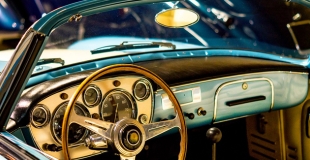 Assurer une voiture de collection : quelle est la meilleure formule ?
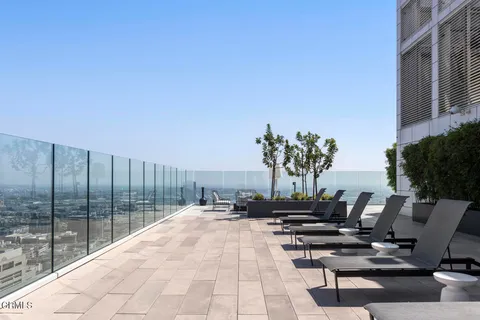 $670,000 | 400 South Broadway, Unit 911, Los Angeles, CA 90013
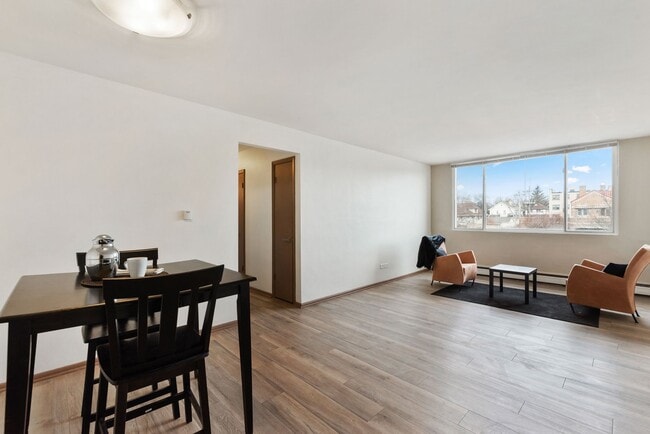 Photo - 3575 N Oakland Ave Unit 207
========================================================================
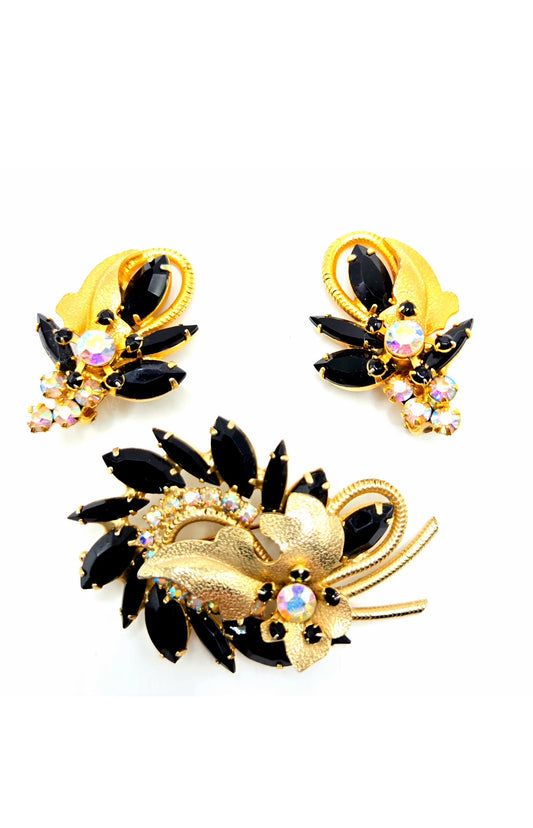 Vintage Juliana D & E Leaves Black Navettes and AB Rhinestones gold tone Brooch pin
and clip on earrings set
========================================================================
## What is being asked
Restate word for word every line from the one with "Assurer une voiture" up to and including the one with "Photo - 3575 N Oakland Ave Unit 207" in the records above, minus the pictures.

## Solution for this problem
 Assurer une voiture de collection : quelle est la meilleure formule ?
 $670,000 | 400 South Broadway, Unit 911, Los Angeles, CA 90013
 Photo - 3575 N Oakland Ave Unit 207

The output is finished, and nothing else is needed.